Iterators and iteration
Iteration, or looping, refers to an automated way to repeat a process. Iteration is very important because automating repetitive tasks reduces the time and effort required to perform the tasks. With iteration in ModelBuilder, a process can be executed over and over using different settings or data each time.
A ModelBuilder model is saved as a model tool in a toolbox. A model tool is just like any other geoprocessing tool: it can be run, used in Python, or added to another model. To edit the model tool in ModelBuilder, right-click and select Edit. To open and run the model tool in the Geoprocessing pane, double-click it or right-click and select Open.
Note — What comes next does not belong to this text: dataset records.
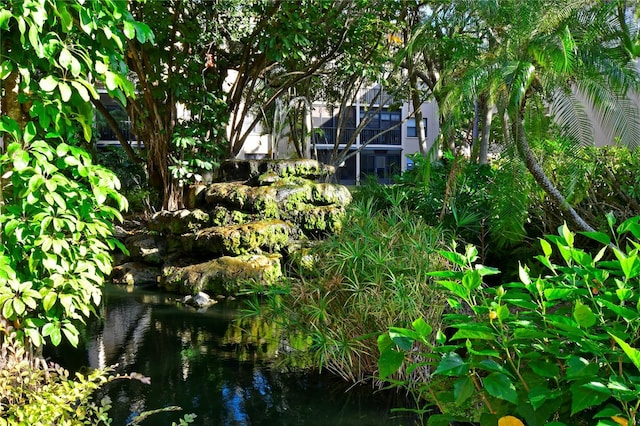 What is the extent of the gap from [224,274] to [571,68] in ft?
21.7

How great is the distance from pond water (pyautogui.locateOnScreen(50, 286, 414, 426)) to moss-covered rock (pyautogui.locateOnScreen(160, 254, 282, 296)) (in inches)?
80.5

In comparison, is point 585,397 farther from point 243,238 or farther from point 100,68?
point 243,238

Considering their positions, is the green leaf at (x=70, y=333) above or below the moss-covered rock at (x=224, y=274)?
above

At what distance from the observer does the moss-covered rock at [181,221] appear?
1294 centimetres

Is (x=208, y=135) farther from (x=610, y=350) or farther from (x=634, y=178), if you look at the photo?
(x=610, y=350)

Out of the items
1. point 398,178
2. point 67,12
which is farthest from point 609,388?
point 398,178

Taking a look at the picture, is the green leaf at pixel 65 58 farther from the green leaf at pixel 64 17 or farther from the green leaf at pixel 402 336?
the green leaf at pixel 402 336

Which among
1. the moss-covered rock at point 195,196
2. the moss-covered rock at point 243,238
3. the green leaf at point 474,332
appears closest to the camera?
the green leaf at point 474,332

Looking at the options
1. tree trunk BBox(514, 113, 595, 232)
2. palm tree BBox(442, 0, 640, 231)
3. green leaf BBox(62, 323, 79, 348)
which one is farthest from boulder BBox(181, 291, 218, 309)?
green leaf BBox(62, 323, 79, 348)

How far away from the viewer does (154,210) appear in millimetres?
16141

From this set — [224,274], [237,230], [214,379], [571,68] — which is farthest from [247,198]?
[571,68]

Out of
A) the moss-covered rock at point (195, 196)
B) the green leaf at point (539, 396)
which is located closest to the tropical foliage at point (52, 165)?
the green leaf at point (539, 396)

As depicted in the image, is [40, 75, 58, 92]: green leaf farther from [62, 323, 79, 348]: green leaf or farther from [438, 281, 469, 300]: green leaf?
[438, 281, 469, 300]: green leaf

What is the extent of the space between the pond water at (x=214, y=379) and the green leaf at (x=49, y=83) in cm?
248
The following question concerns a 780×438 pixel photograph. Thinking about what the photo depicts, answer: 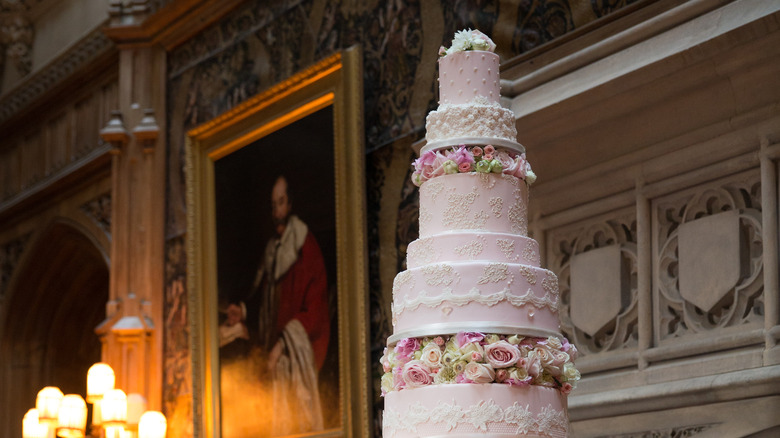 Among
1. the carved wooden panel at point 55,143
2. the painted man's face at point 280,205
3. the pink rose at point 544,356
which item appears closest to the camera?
the pink rose at point 544,356

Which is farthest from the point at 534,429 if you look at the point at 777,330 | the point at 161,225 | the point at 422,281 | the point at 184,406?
the point at 161,225

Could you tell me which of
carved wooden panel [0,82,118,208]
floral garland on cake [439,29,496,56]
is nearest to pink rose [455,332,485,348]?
floral garland on cake [439,29,496,56]

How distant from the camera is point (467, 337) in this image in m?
3.76

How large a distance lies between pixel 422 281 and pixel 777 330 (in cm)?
188

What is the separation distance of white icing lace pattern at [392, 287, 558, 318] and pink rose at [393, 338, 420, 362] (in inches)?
4.7

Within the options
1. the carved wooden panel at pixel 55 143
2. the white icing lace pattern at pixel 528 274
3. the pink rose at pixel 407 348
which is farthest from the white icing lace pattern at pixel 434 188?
the carved wooden panel at pixel 55 143

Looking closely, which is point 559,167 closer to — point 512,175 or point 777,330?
point 777,330

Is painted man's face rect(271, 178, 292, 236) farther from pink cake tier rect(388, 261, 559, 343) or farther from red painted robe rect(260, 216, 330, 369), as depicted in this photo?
pink cake tier rect(388, 261, 559, 343)

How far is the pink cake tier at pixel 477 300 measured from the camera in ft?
12.6

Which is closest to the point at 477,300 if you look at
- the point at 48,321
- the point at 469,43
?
the point at 469,43

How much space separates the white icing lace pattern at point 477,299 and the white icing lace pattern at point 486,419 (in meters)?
0.31

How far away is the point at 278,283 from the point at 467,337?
517 centimetres

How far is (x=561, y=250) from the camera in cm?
648

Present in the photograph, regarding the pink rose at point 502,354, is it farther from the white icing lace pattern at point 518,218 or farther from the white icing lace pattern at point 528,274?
the white icing lace pattern at point 518,218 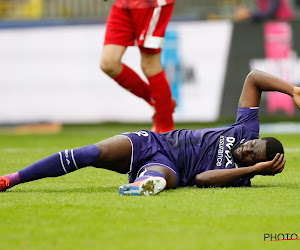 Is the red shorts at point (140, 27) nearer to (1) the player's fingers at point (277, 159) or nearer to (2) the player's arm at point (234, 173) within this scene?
(2) the player's arm at point (234, 173)

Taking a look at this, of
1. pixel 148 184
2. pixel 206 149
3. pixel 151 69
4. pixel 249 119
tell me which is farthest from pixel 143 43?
pixel 148 184

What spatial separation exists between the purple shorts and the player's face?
0.48 metres

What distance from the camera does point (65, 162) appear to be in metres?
5.08

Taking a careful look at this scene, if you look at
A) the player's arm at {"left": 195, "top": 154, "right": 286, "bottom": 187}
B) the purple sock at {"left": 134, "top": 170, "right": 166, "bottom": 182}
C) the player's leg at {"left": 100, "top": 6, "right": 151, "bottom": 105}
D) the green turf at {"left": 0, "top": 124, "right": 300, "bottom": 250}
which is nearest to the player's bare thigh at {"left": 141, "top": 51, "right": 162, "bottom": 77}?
the player's leg at {"left": 100, "top": 6, "right": 151, "bottom": 105}

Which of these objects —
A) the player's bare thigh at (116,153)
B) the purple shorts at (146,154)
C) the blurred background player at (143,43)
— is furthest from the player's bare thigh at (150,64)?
the player's bare thigh at (116,153)

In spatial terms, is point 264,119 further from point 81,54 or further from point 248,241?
point 248,241

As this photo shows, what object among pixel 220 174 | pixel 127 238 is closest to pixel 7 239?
pixel 127 238

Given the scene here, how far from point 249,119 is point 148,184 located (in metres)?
1.16

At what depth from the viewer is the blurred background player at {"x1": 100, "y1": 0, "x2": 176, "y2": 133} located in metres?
7.25

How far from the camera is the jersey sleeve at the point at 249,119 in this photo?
5.55 m

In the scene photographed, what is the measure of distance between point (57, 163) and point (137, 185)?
64 centimetres

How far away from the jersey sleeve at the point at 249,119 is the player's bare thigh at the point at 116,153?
0.94 metres

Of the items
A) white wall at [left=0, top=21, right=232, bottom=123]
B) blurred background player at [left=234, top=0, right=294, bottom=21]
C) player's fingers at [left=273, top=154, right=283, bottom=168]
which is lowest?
white wall at [left=0, top=21, right=232, bottom=123]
The elements in a model can be arranged by moving the elements to the desired location or auto-arranged using the AutoLayout button on the ModelBuilder ribbon. To auto-arrange the elements inside the group, right click the group and click the AutoLayout from the context menu. To lock/unlock the elements click the Lock Element/Unlock Element button under the View group on the ModelBuilder ribbon. Locked elements are not affected by the AutoLayout in the model.
Model parameters are the parameters that appear when the model is opened as a geoprocessing tool. Any variable in the model can be made a model parameter. Derived variables (tool outputs) that are a parameter will be added to the last active map after they are successfully created.
Preconditions can be used to explicitly control the order of operations in a model. For example, a process can be made to run after another process by making the output of the first process a precondition to the second process. Any variable can be made a precondition to tool execution, and any tool can have more than one precondition.
Processes and state
A model process consists of a tool and all variables connected to it. Connector lines indicate the sequence of processing. Many processes can be chained together to create a larger process. A process in a model can be in one of four states: not ready to run, ready to run, running, and has been run.
Not ready to run
When you initially drag a tool into ModelBuilder, the process is in a not-ready-to-run state because the required parameter values have not been specified. The tool and its inputs and outputs are gray.
Ready to run
A process is ready to run when the tool has all required parameter filled in. All model elements in the process have color.
The process is in a running state if the model tools show red color.
Has been run
If you run the model from within ModelBuilder, the tool and derived data elements are displayed with drop shadows, indicating that the process has run and the derived data has been generated.
ModelBuilder provides a number of support utilities, including Calculate Value, Collect Values, Get Field Value, Parse Path, and Select Data.
Model validation refers to the process of making sure all model variables (data or values) are valid.